We used `repr()` above to show the internal structure of our sample tree. 
When printed the regular way, the `Tree` class displays itself in a 
nice readable form:

In [None]:
print(sample)

If your python configuration supports it (our Notebooks do), the 
method `draw()` will
display an image of the tree structure in a separate window. 
You'll have to find the pop-up window (it might be hidden behind other windows, like the `nltk.downloader()` window was) and close it to continue execution. 

**Note.** If the tree window does not appear, it _may_ help to add this "magic" notebook command at the top of the code cell, above your code:

    %matplotlib

In [None]:
sample.draw()

It can be seen that this tree contains branches for the two named
entities, _Ruimtelijke Ordening_ (an organization) and _BPA_
("miscellaneous").

* A chunked sentence is a Tree of maximal height 3: the sentence node,
the chunks, and the chunk words. (The height will be 2 if there are no chunks in the sentence.)


* If a sentence contains no chunks, it will have the usual tagged
sentence structure: A list of `(word, pos-tag)` pairs. Although it is
a `Tree`, not a `list`, you can use all the usual list methods.


* Each chunk is a `Tree` containing the chunk's
tagged words. This also applies to one-word "chunks" (i.e., one-word 
named entities). 
Unchunked words are direct children of the top-
level `Tree`, as in untagged sentences.

Note that the above only describes _chunked_ trees. Full sentence structure consists of many levels of trees and subtrees. The nltk's parsed corpora, for example, have deep trees with many levels of branches. 

A `Tree` object is also a list.

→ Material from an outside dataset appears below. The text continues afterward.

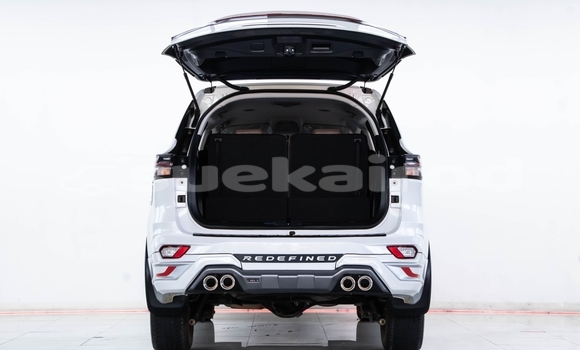 Buy Used Isuzu MU-X White Car in Bangkok in Bangkok Buy Used Isuzu MU-X White Car in Bangkok in Bangkok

The list elements are the children of
the top node.

In [None]:
print("Type:", type(sample))
print("Top-level label:", sample.label())
print("Elements:")
for part in sample:
    print(part)

Let's examine the first named entity, which is at index zero:

In [None]:
print("Type:", type(sample[0]))
print("Chunk label:", sample[0].label())
for part in sample[0]:
    print(part)

To distinguish between words (i.e., tuples) and subtrees, use the
function `isinstance`.

In [None]:
from nltk import Tree  # Import the type so we can check for it
for part in sample:
    if isinstance(part, Tree):
        print(part, "---> a subtree")
    else:
        print(part)

Since all tree components are either subtrees or tuples, we could have
 instead checked which parts have type `tuple`. 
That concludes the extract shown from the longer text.